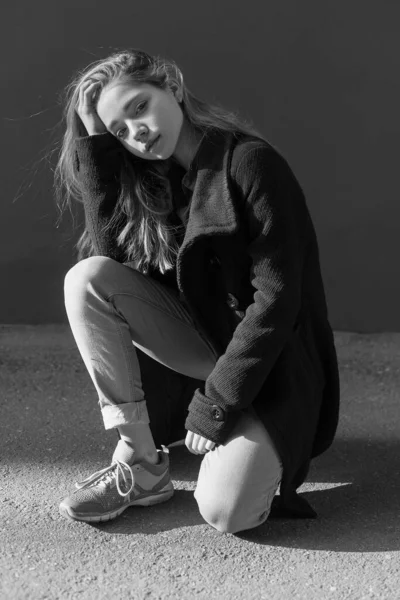 Черно-белый портрет грустной одинокой девушки с длинными волосами в пальто, джинсах — стоковое фото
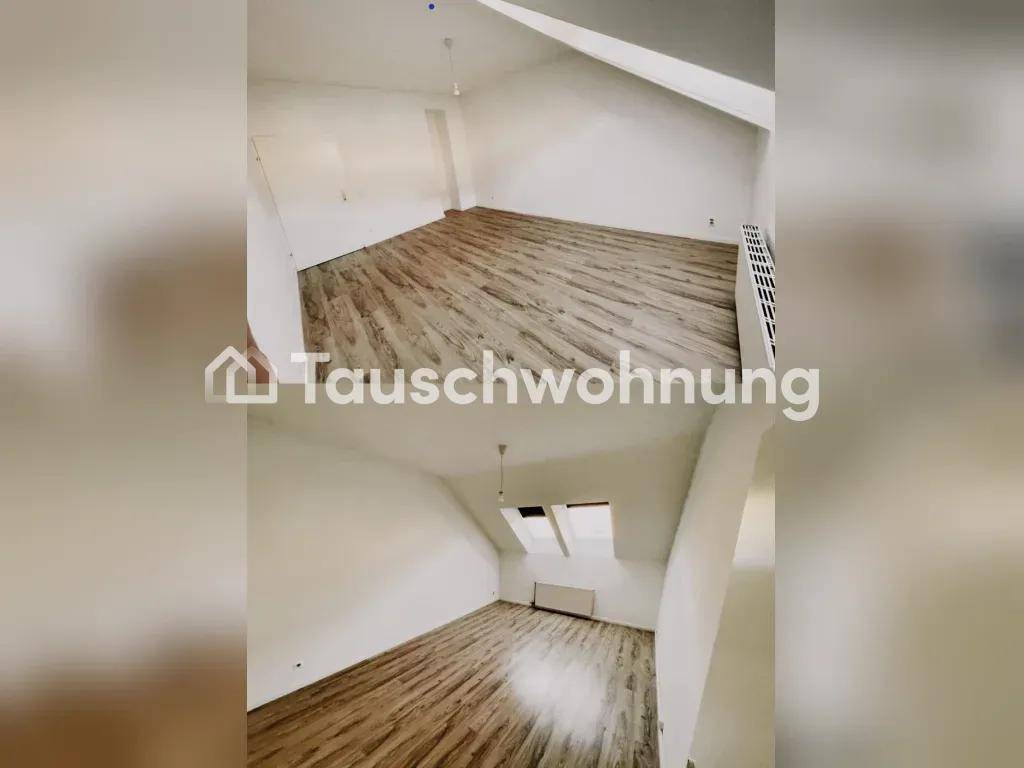 Leerer Raum im Dachgeschoss mit schrägen Wänden, Holzboden und einem Dachfenster für natürliches Licht.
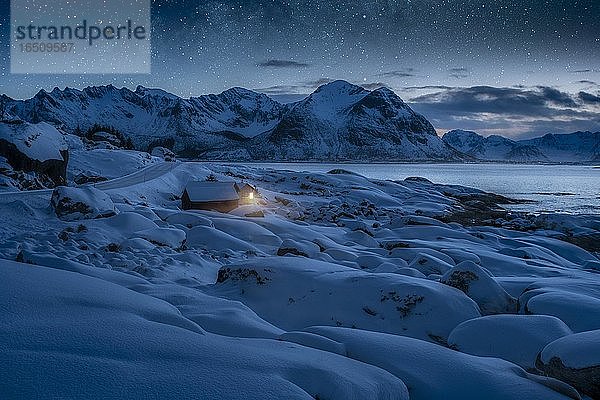 Tief verschneite Winterlandschaft am Meer  Holzhütte mit warmem Licht an Küste  hinten Berge unter Sternenhimmel  Kleppstad  Nordland  Lofoten  Norwegen  Europa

• **To do**
Hand back the data above exactly, with no images.

• **Answer for the task**
 Черно-белый портрет грустной одинокой девушки с длинными волосами в пальто, джинсах — стоковое фото
 Leerer Raum im Dachgeschoss mit schrägen Wänden, Holzboden und einem Dachfenster für natürliches Licht.
 Tief verschneite Winterlandschaft am Meer  Holzhütte mit warmem Licht an Küste  hinten Berge unter Sternenhimmel  Kleppstad  Nordland  Lofoten  Norwegen  Europa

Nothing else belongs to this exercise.